Powell led a majority of the Court to accept the repeated mantra that “corporations are persons” and corporate “voices” must be free, and the sustained attacks on the people’s laws continued for the next two decades. Oil, coal, and utility corporations, tobacco corporations, chemical and pharmaceutical corporations, alcohol corporations, banking and other Wall Street corporations, and many others all successfully claimed corporate speech rights to invalidate federal, state, and local laws . . . corporations even succeeded in attacking the right of parents to know whether the milk they fed their children came from cows treated with Monsanto’s genetically engineered recombinant DNA bovine drug.


     E. Pacific Gas & Electric Co. v. Public Utilities Commission, 1986 which unconstitutionally granted corporations the First Amendment right of "negative free speech" (endnote #1)


     F. Citizens United v. Federal Election Commission, (No. 08-205) 130 S. Ct. 876 (2010).


On January 21, 2010, in Citizens United v. Federal Election Commission, without the federal law that had limited corporate and union spending on "electioneering communication" (broadcasting) aimed at the election or defeat of a specific candidate being properly before the court, five Supreme Court Jurists wrongfully and unlawfully took it up and on their own initiative wrongfully and unlawfully held it unconstitutional.


The decisions of these five jurists wrongfully and unlawfully:


           1. Implicitly overturned100 years of federal law-and by further implication, state laws-limiting corporate expenditures on elections with broad language.


           2. Overruled two important precedents about First Amendment rights of corporations; Austin v. Mich. Chamber of Commerce, a 1990 decision that upheld restrictions on corporate spending to support or oppose political candidates, and McConnell v. Federal Election Commission, a 2003 decision that upheld the part of the Bipartisan Campaign Reform Act of 2002 [“McCain-Feingold”] that restricted campaign spending by corporations and unions.

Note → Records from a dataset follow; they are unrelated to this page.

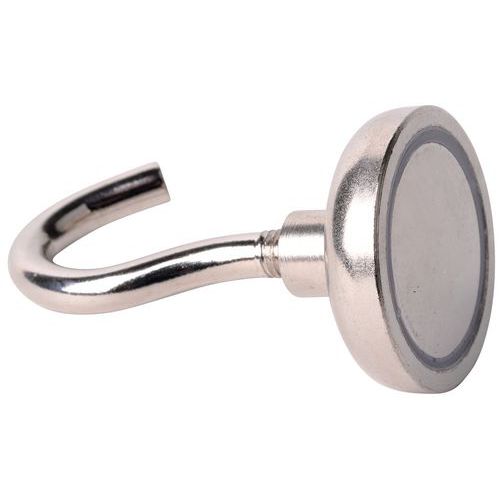 magnete a blocchetto,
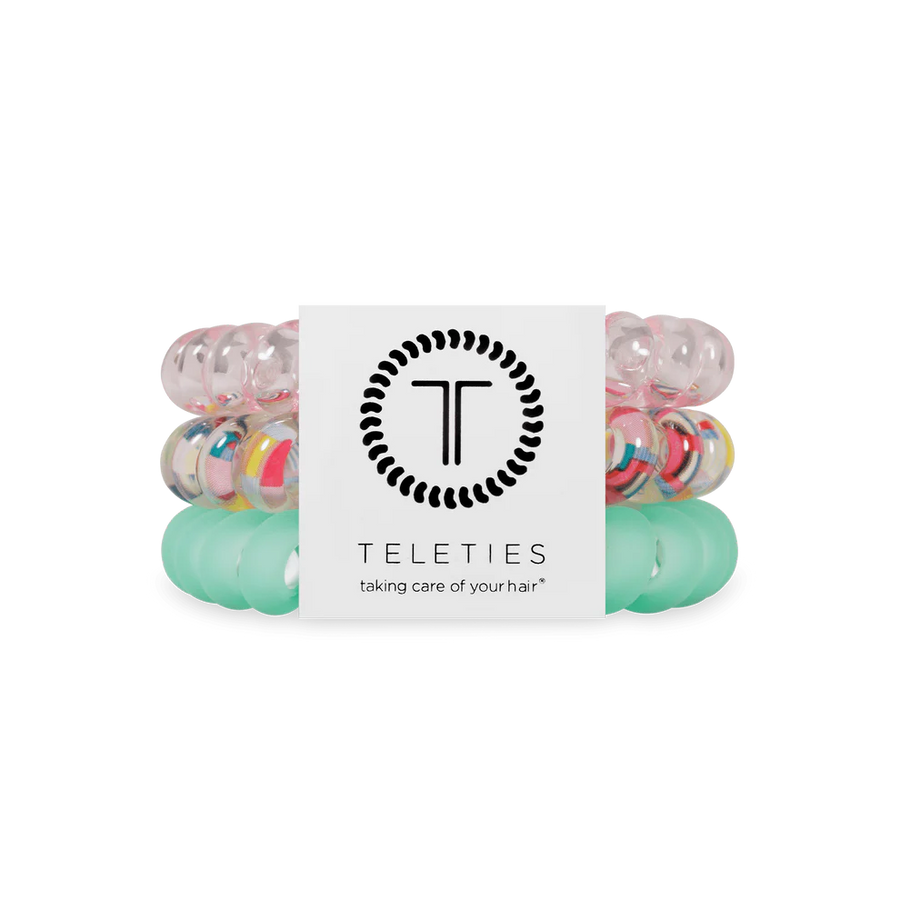 Teleties Large Hair Ties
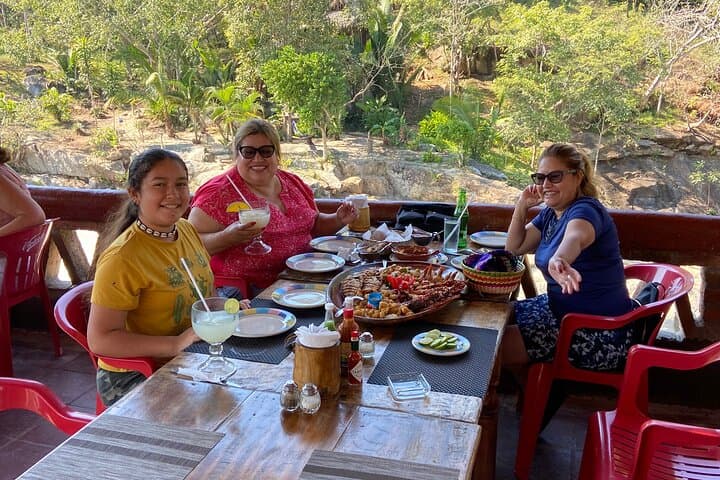 Private Puerto Vallarta City Tour and Tequila Tasting photo 6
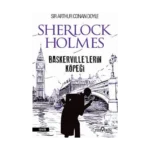 Baskerville’lerin Köpeği – Sherlock Holmes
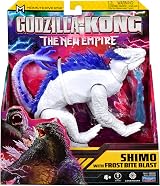 MonsterVerse Godzilla x Kong The New Empire 6in Shimo Action Figure view 4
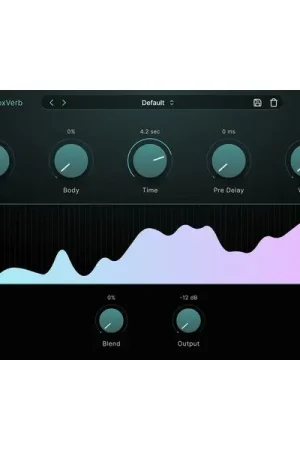 LANDR VoxVerb | Prix en baisse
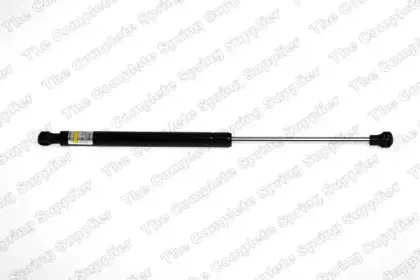8072900 LESJÖFORS Газовая пружина, капот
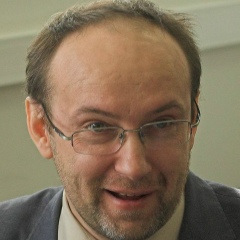 Сергей Селютин, 20.10, Москва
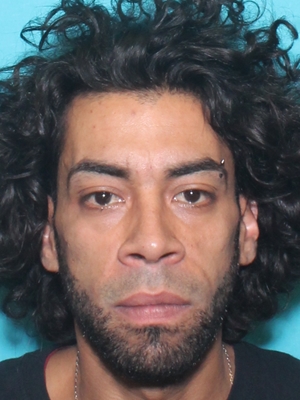Photo of SALAS CALDERON, ABIMAEL D
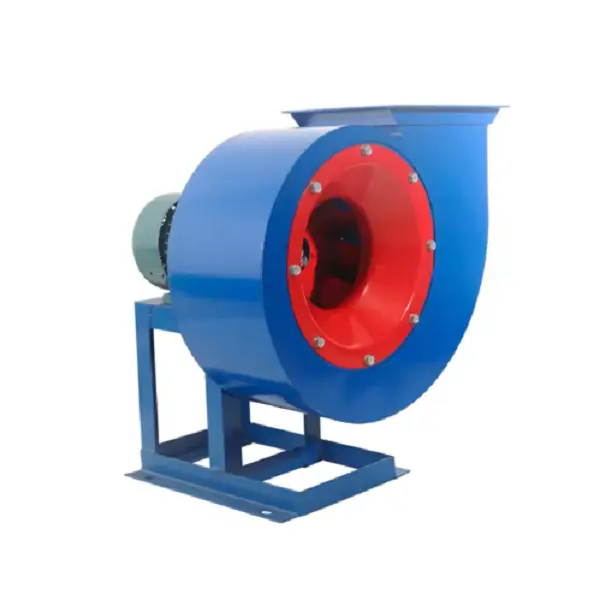 Centrifugal Ventilator Fan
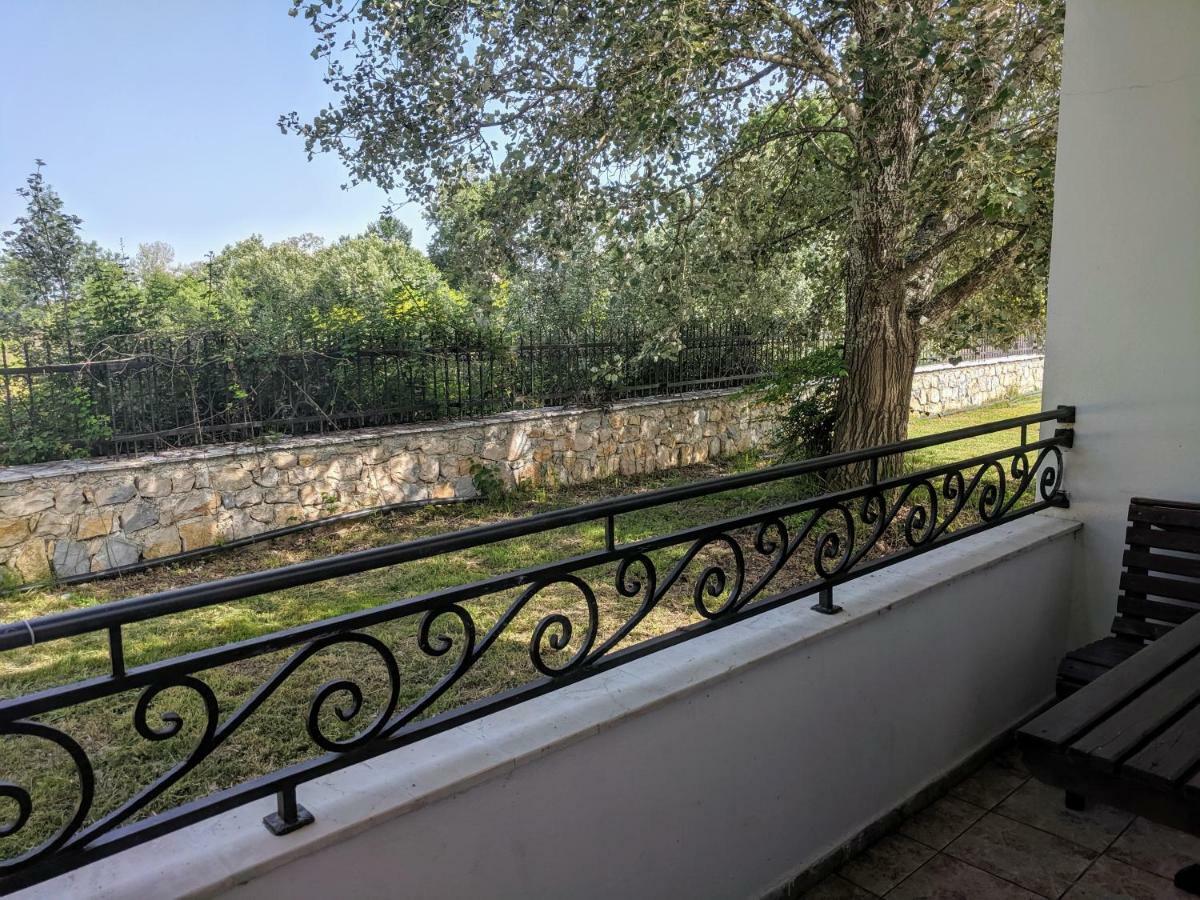 Beni Bungalows Ulcinj Eksteriør bilde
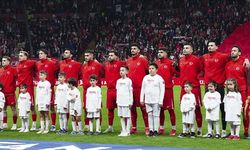 A Milli Takım Dünya Kupası Kadrosunda Kimler Var?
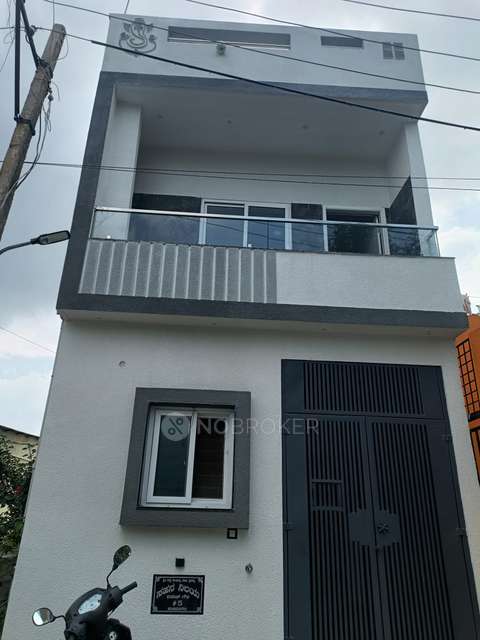 3 BHK House For Sale  In Hulimangala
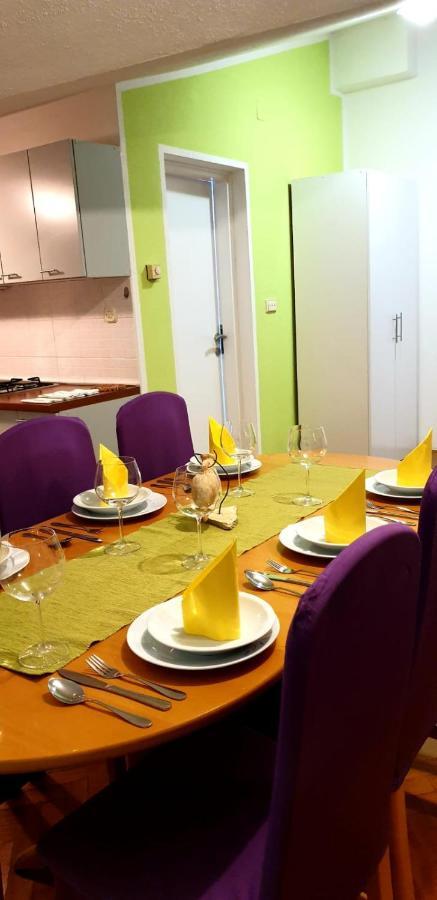 Istranova Apartament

           3. Failed to distinguish between domestic and foreign owned corporations and knowingly left America vulnerable to the latter.


           4. Allowed unlimited corporate spending on ads for or against candidates for federal office combined with other court rulings, Super PACs and secret campaign spending. Four times as much was spent in 2010 as in the last mid-term election in 2006. Half of all this money came from secret donors, Super PACs spent even more heavily in the 2012 campaigns


           5. Have and are causing massive damage to elections, politics, government and the reputation of and the citizen’s faith in the Supreme Court.